**YOUR GOAL:** Every line in the listing below from the one with "Mid-Century Modern Diamonds, Denim" through the one with "Premium Car Registration" is to be reproduced exactly, both ends included; leave out the rest.

**LISTED ENTRIES:**
---------------

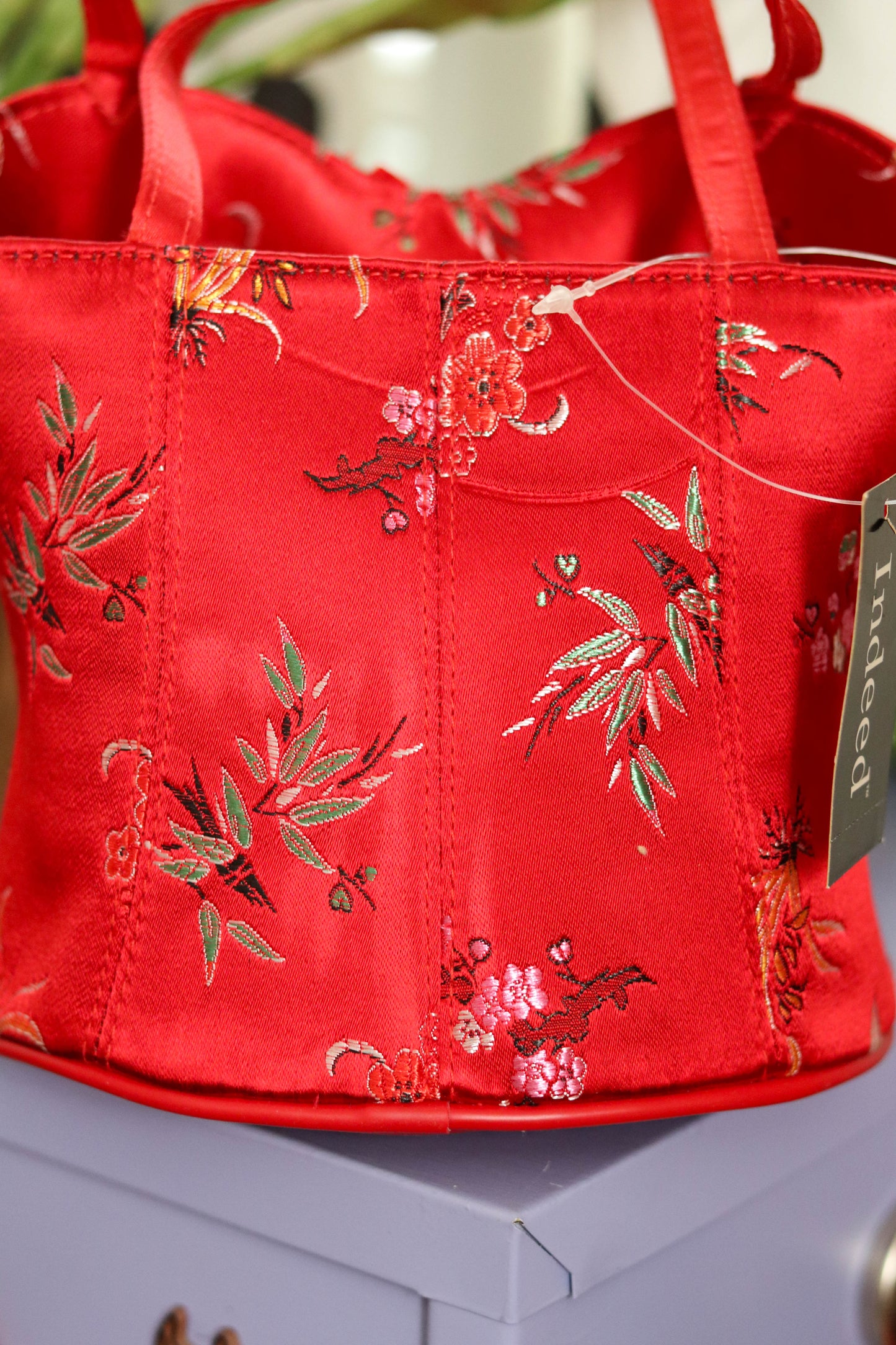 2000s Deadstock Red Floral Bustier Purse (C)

---------------

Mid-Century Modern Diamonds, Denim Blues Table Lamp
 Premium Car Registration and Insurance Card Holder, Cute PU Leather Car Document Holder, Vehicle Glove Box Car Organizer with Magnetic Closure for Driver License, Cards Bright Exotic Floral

---------------

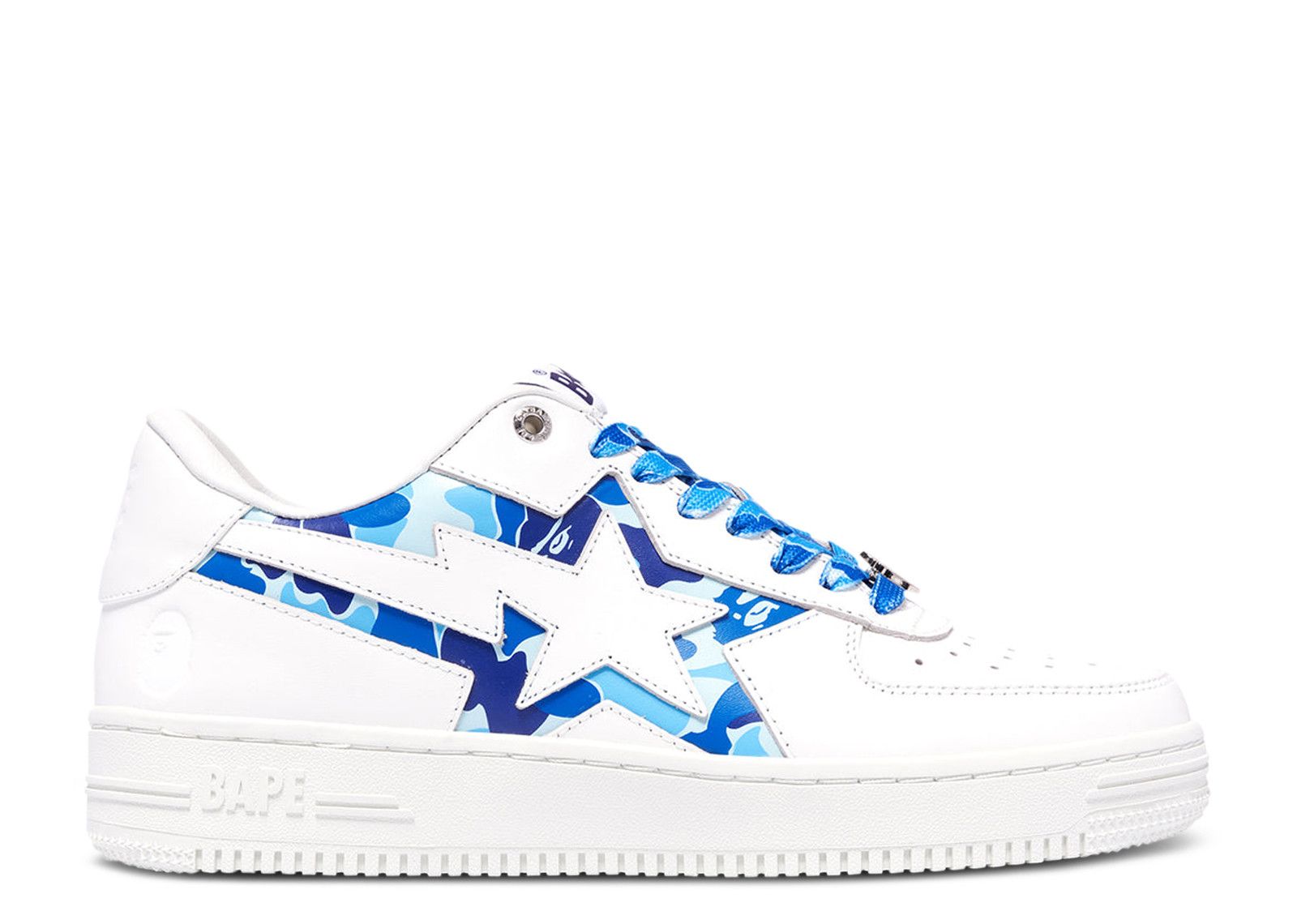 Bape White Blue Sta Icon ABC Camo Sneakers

---------------

**RESPONSE FOR THIS EXERCISE:**
Mid-Century Modern Diamonds, Denim Blues Table Lamp
 Premium Car Registration and Insurance Card Holder, Cute PU Leather Car Document Holder, Vehicle Glove Box Car Organizer with Magnetic Closure for Driver License, Cards Bright Exotic Floral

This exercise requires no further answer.